Reproduce the entire listing exactly as written, apart from its pictures.

▶ RAW DATA
BEGIN

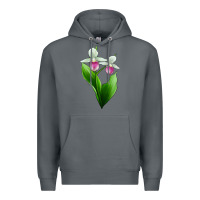 Rock Pink And White Lady's Slipper Flower Premium Hoodie - LillyAllenDesigns
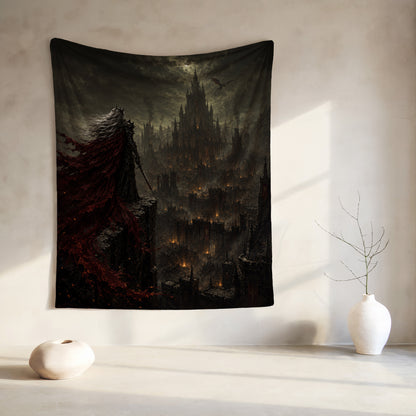 Dark fantasy castle with a cloaked figure and flowing red cape standing on cliff.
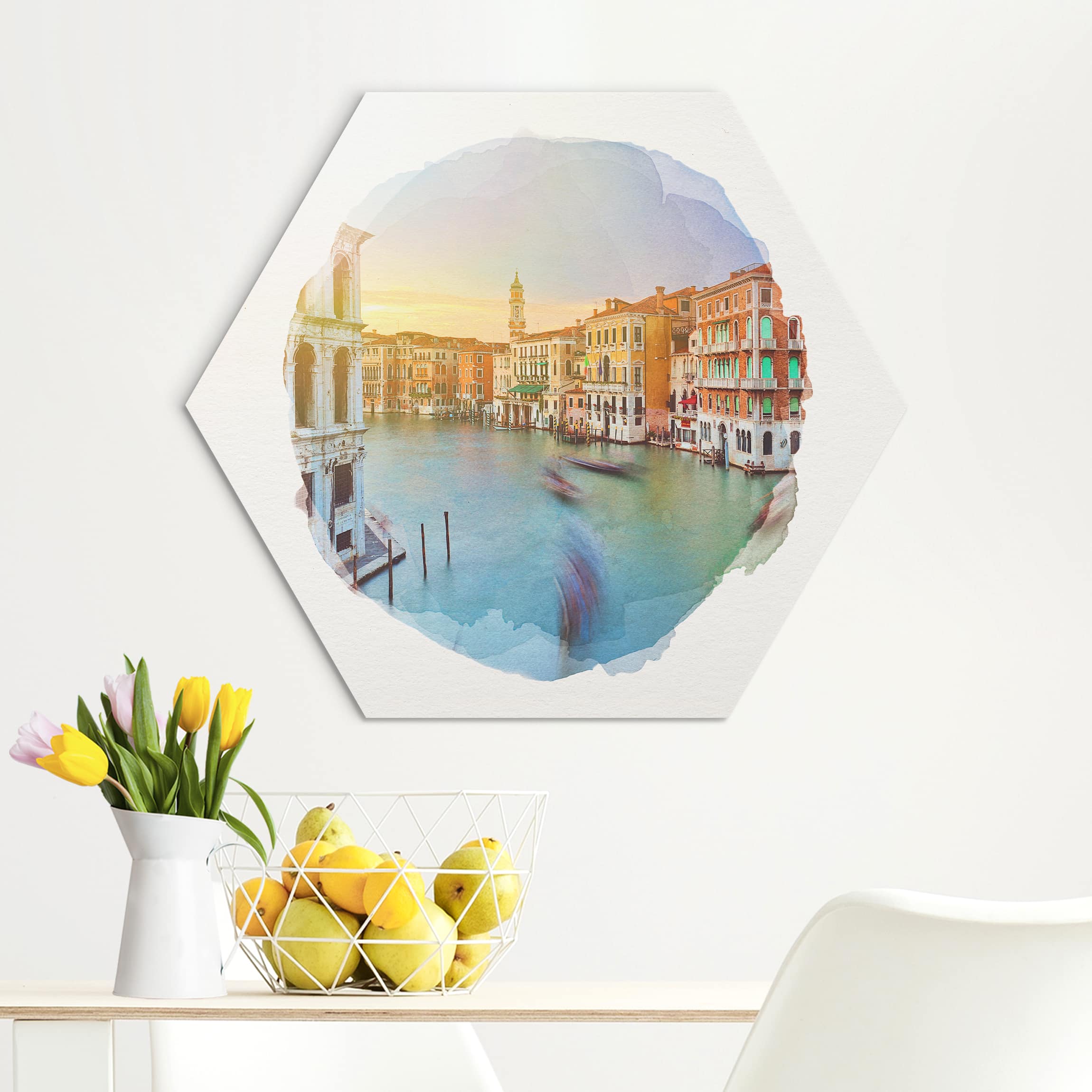 Hexagon-Alu-Dibond Bild Wasserfarben - Canale Grande Blick von der Rialtobrücke Venedig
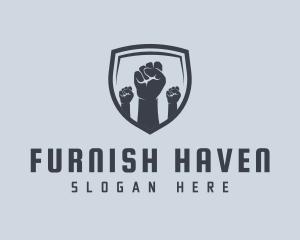 Shield Fists Protest logo design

END

▶ REPLY TO THE TASK
 Rock Pink And White Lady's Slipper Flower Premium Hoodie - LillyAllenDesigns
 Dark fantasy castle with a cloaked figure and flowing red cape standing on cliff.
 Hexagon-Alu-Dibond Bild Wasserfarben - Canale Grande Blick von der Rialtobrücke Venedig
 Shield Fists Protest logo design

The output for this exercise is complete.